I am not saying that. No one is saying that.
That Plea deal was normal for 1977. If the judge had accepted it, we wouldnt be having this discussion.
Now, yes, here in 2020, that plea deal is way too good.
Aren’t judges required to approve a plea deal in the first place? Or is that just a memory artifact from one of the 307 police/lawyer shows out there?
They do have to approve it.
And although it would be absolutely wrong for a judge to renege on a deal he approved ( at least without offering the defendant the opportunity to withdraw his guilty pleas), I haven't even seen an accusation that it actually happened. I see lots of statements that the judge had told someone or another in a private conversation that he was going to sentence Polanski more harshly than the plea deal called for - and some saying that the victim's lawyer had arranged/approved the plea bargain. No transcripts regarding the judge agreeing to the deal, and I haven't seen anything from the prosecutor saying that the judge agreed.
If Polanski hadn’t skipped bail and become a fugitive, we wouldn’t be having this discussion. That’s all there is to it.
There are sealed transcripts from a deposition made by the prosecutor in the case. During one of the extradition cases, his lawyers asked for them to be made public but was refused.

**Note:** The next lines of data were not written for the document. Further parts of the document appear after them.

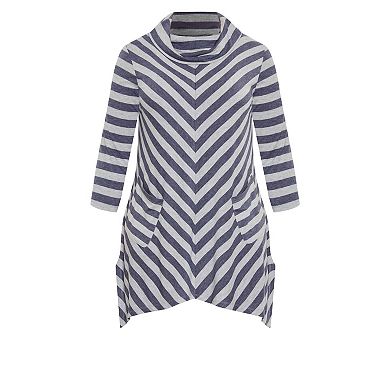 Avenue Women's Plus Size Emily Panel Stripe Tunic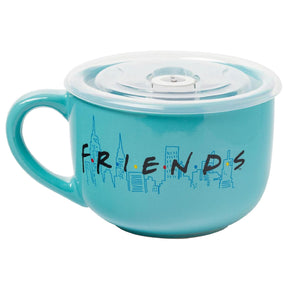 Friends "How You Doin?" 24 Ounce Ceramic Soup Mug with Vented Lid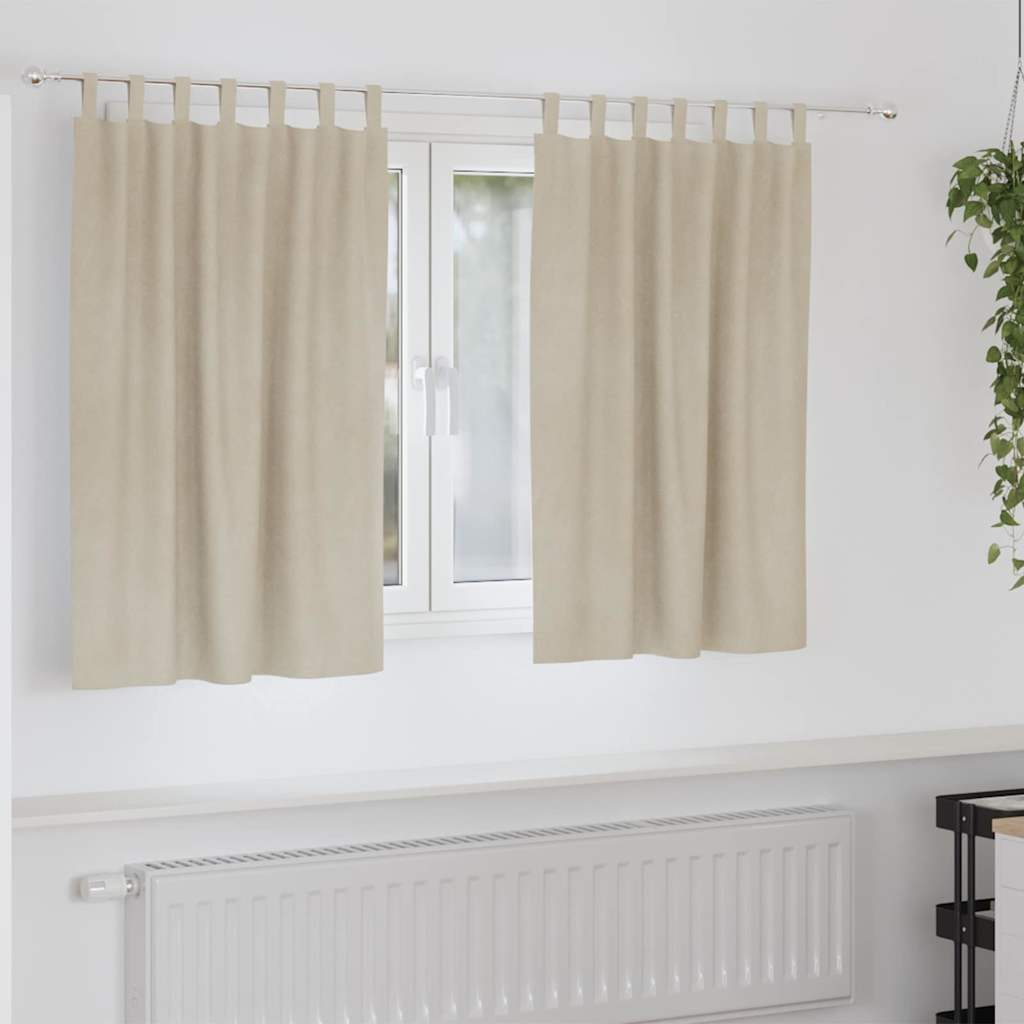 vidaXL Κουρτίνες συσκότισης 2 τμχ. Κρεμ 140 x 140 cm Βελούδο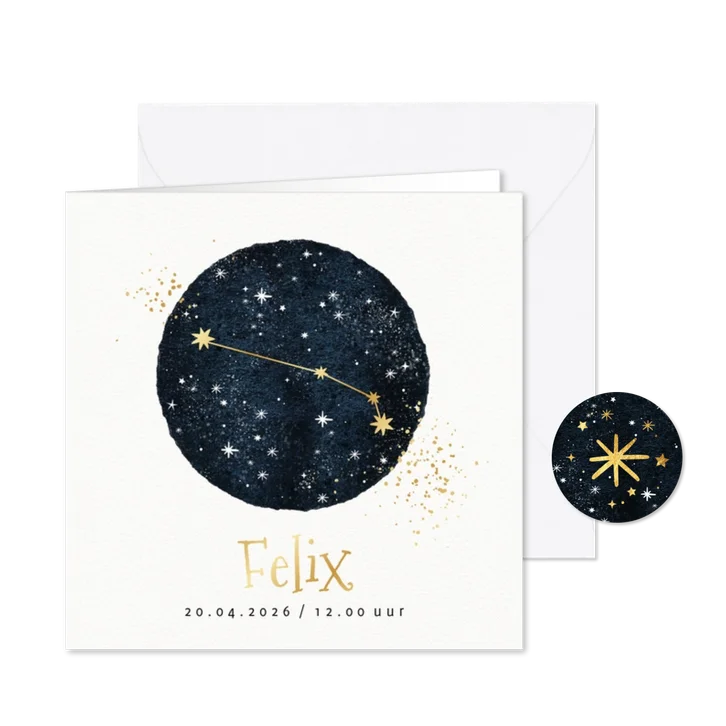 Geboortekaartje sterrenbeeld Ram watercolour spetters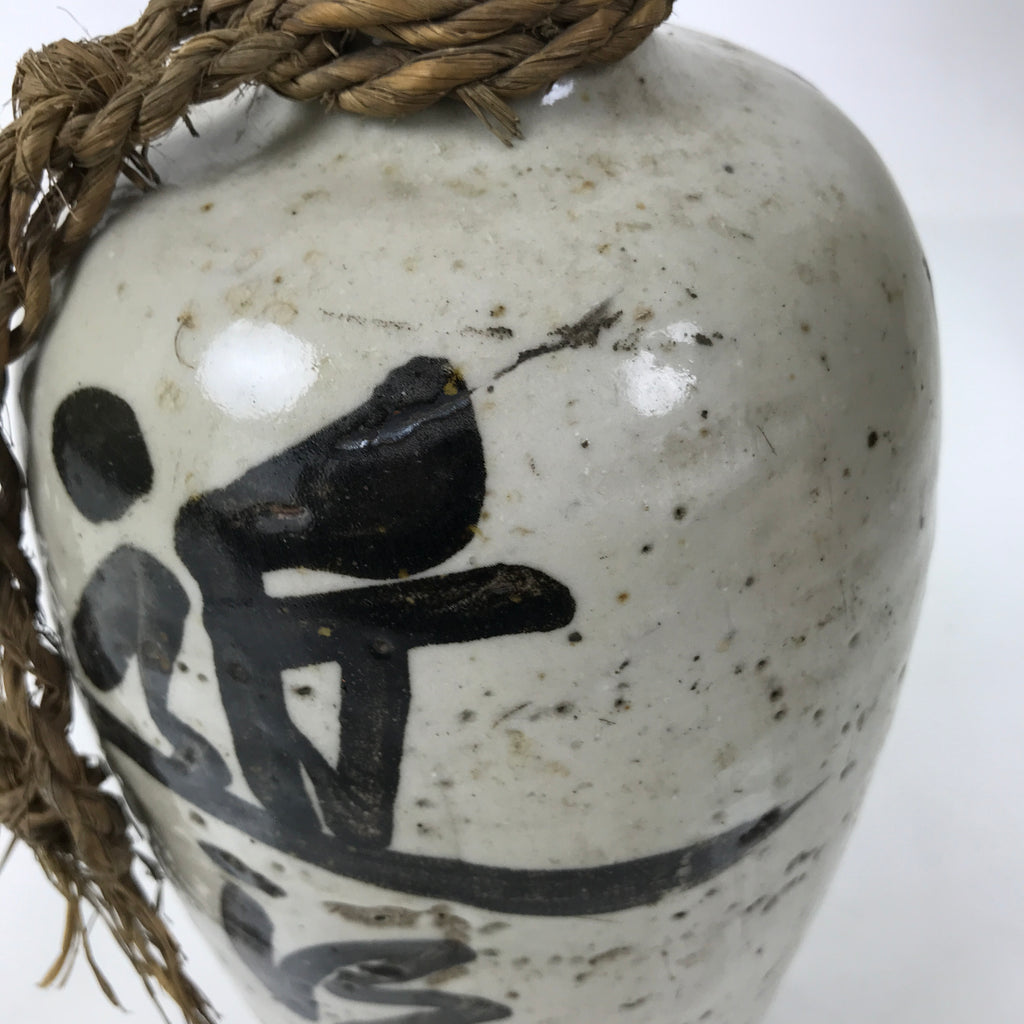 Antique Japanese Ceramic Sake Bottle Kayoi-Tokkuri Gray Black Kanji String TS810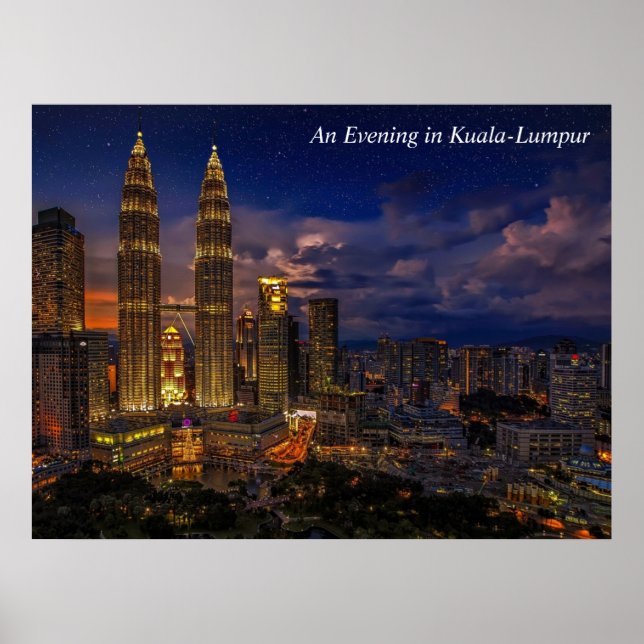 An Evening in Kuala-Lumpur Night Scene Poster (Vorne)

There really is no good reason (within rubric of the particular case) for them not to be and the inference that they are highly unfavorable to the State is more or less irresistible.
I think that may be the material that both the Swiss and Polish courts cited when they refused extradition.
Yes.
If I had to venture a guess, the reason California doesn’t want them released is since they might reveal an institutional pattern of prosecutorial and judicial collusion in that era. Which would place other cases in jeopardy.
I know in England there was a culture of collusion and remarkably prejudicial behaviour in the criminal investigative & justice system at this time. Stuff which caused a great outcry in the 1990’s and led to reform.
I am not an expert, but from what I have read, N America had similar issues.
No, it’s not “bureaucratic nonsense” and “latitude towards rape”. It’s called due process.
Extradition means that a foreign country arrests someone in that country and hands them over to the extraditing country, even though the individual has not committed any breach of that foreign country’s laws. That’s a major state infringement of the individual’s liberty. Extradition is important, but the individual’s personal liberty has to be protected by due process to be fair.
France’s long-standing constitutional provision is that they won’t extradite a citizen. They see that as a basic constitutional safeguard. Instead, they say to the requesting country, “Bring the charges against the French citizen here, in the French courts, and we will try the case.” The California prosecutors have declined to do so. That’s not saying there’s a general French tolerance for rapists. It’s that the California prosecutors, for whatever reason, do not want to have the case tried in France. Their choice.
The Swiss and Polish cases are different. They both have found that the material filed by the US government in support of extradition is not complete, and they do not think it would be safe to extradite, not having the complete record of the case in front of them. Again, that’s on the California prosecutors. Why do they not want to file the complete record in open court in support of their application for extradition?
For forty years, liberals especially Hollywood liberals painted anyone who wanted Polanski to be punished for his crimes as sexually repressed religious anti-semitic rubes. They argued having sex with a 13 yo was perfectly acceptable in enlightened France and that we needed to educate ourselves. These same liberals knew what Weinstein and Cosby were doing and said nothing. If the MeToo movement is serious, they would demand guys like Seth McFarlane who literally joked about it in his Oscars monologue be cancelled for their silence.